++++ Provided material ++++
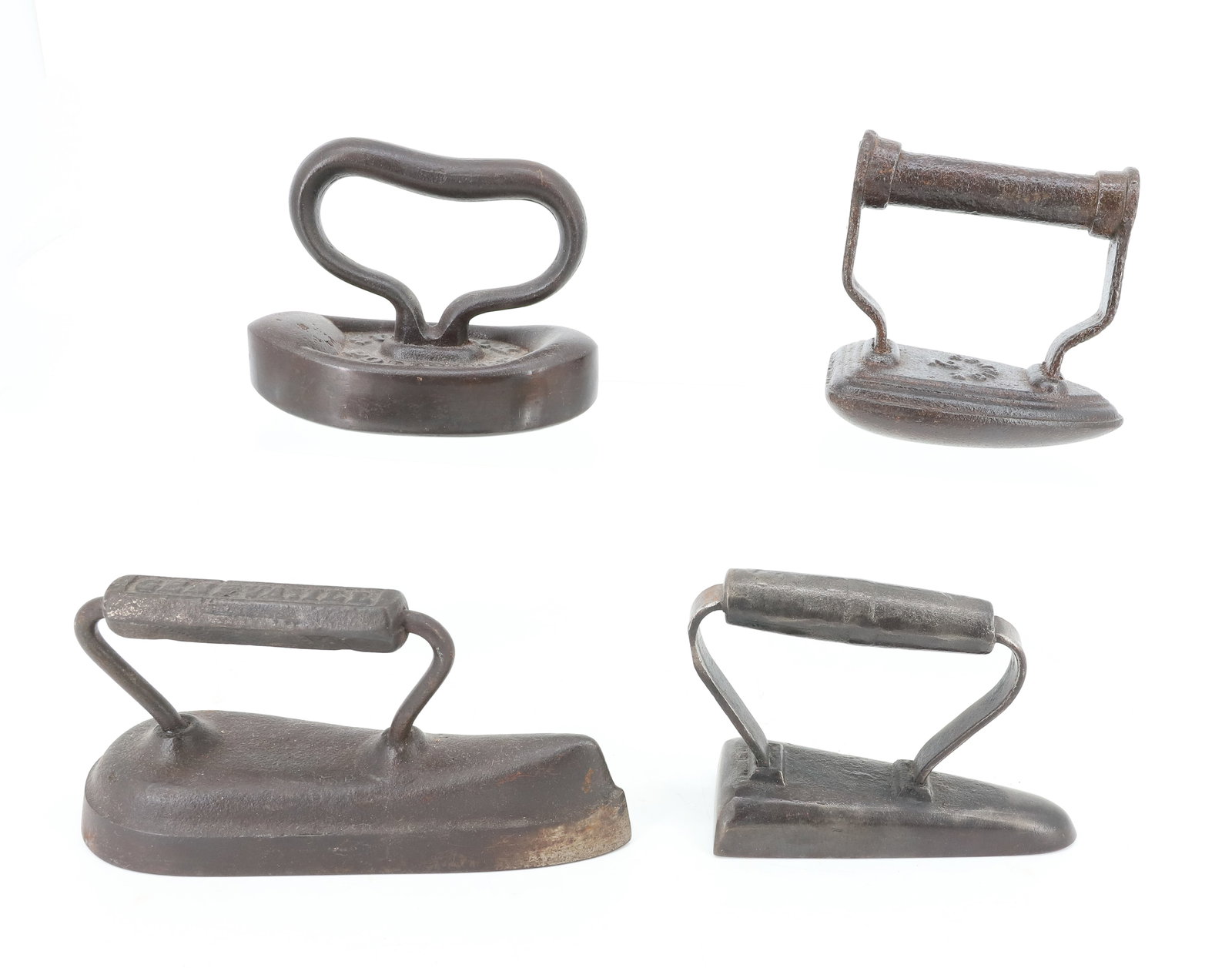 ANTIQUE PRESSING IRON LOT (1 of 6)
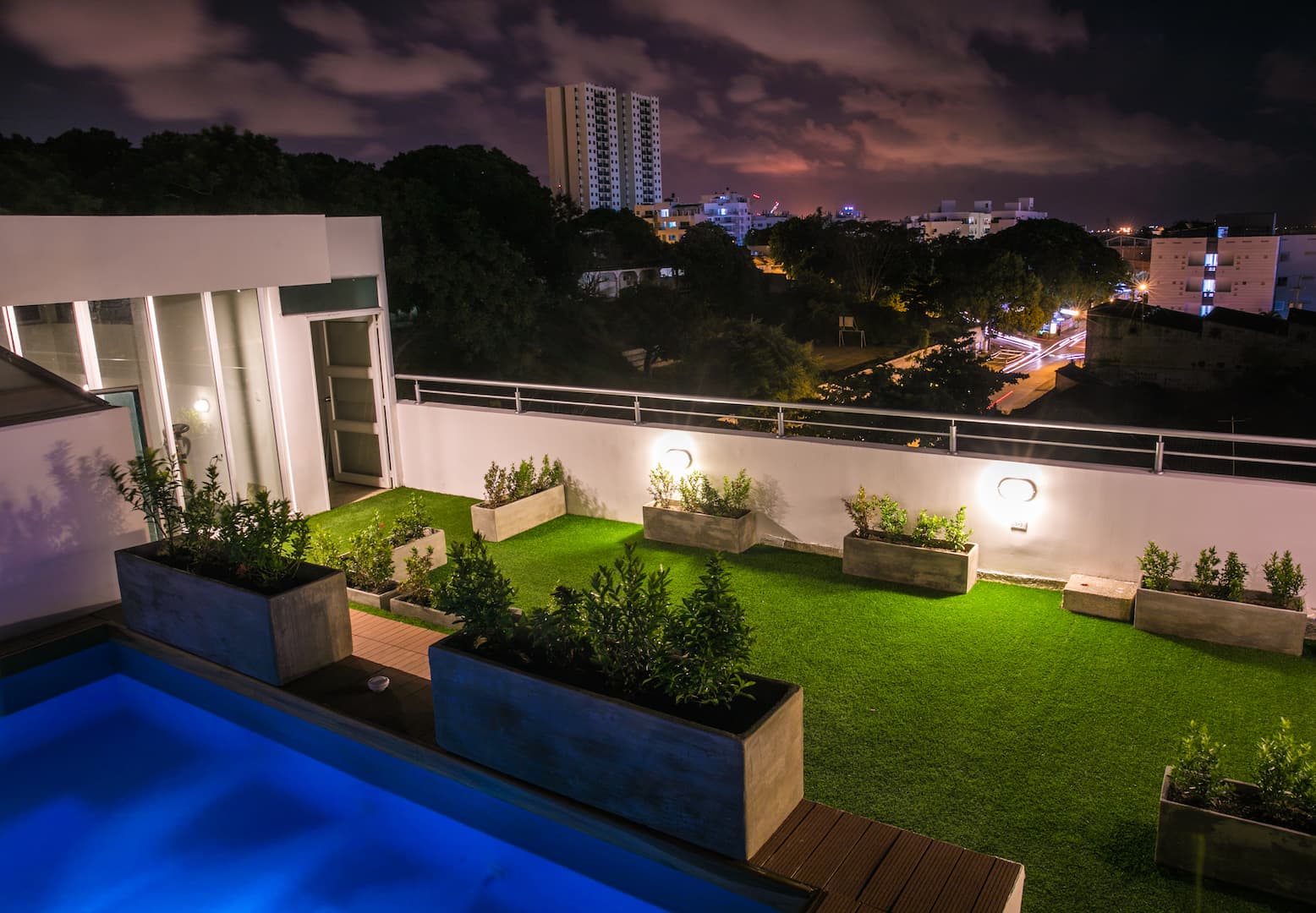 Avenida Buenos Aires, Terrace
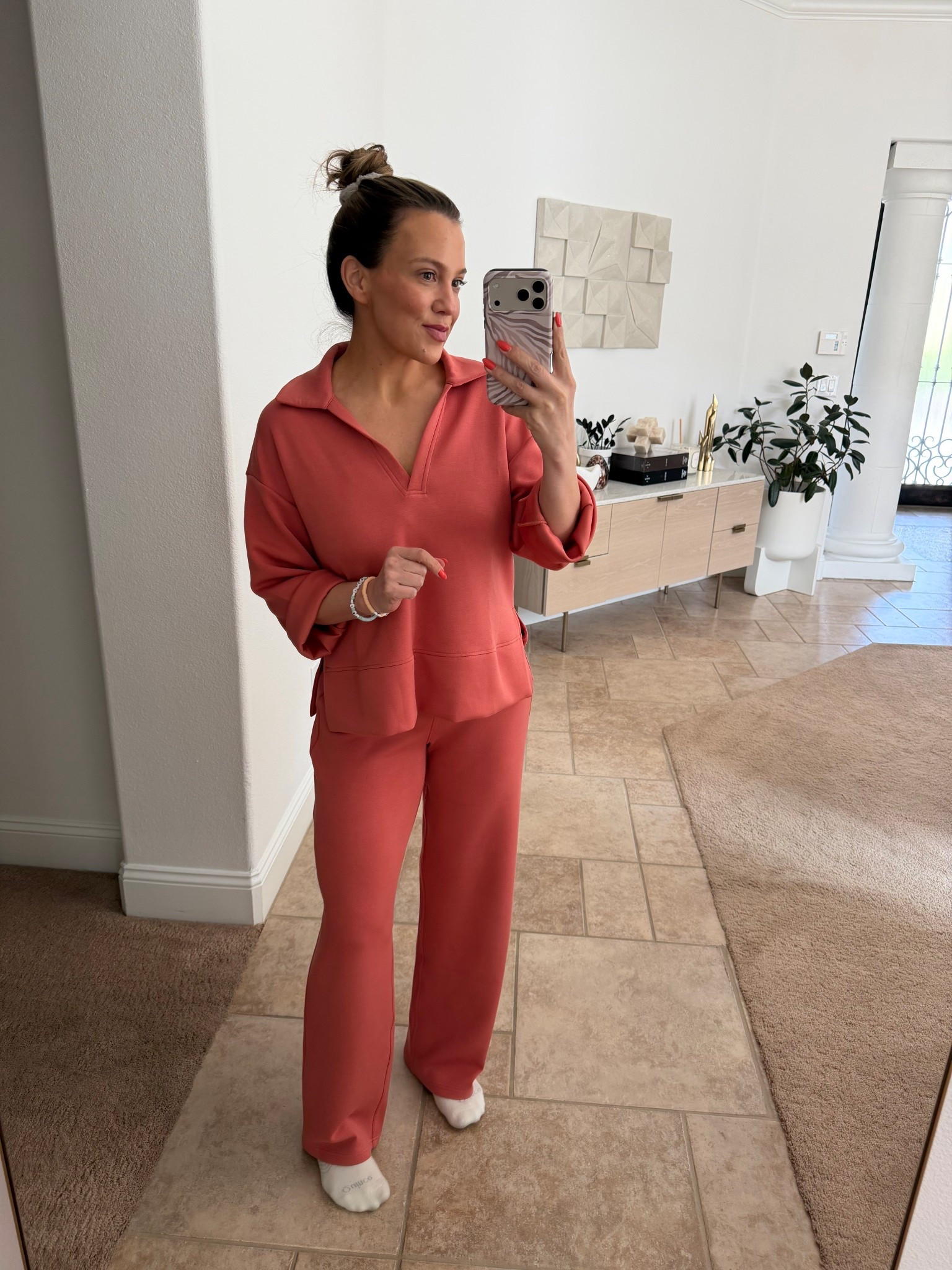 The absolute best “mom uniform” - size medium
++++
Exercise directions:
Each line of the listing is to be retyped exactly, and its pictures are to be dropped.

Answer to the problem:
 ANTIQUE PRESSING IRON LOT (1 of 6)
 Avenida Buenos Aires, Terrace
 The absolute best “mom uniform” - size medium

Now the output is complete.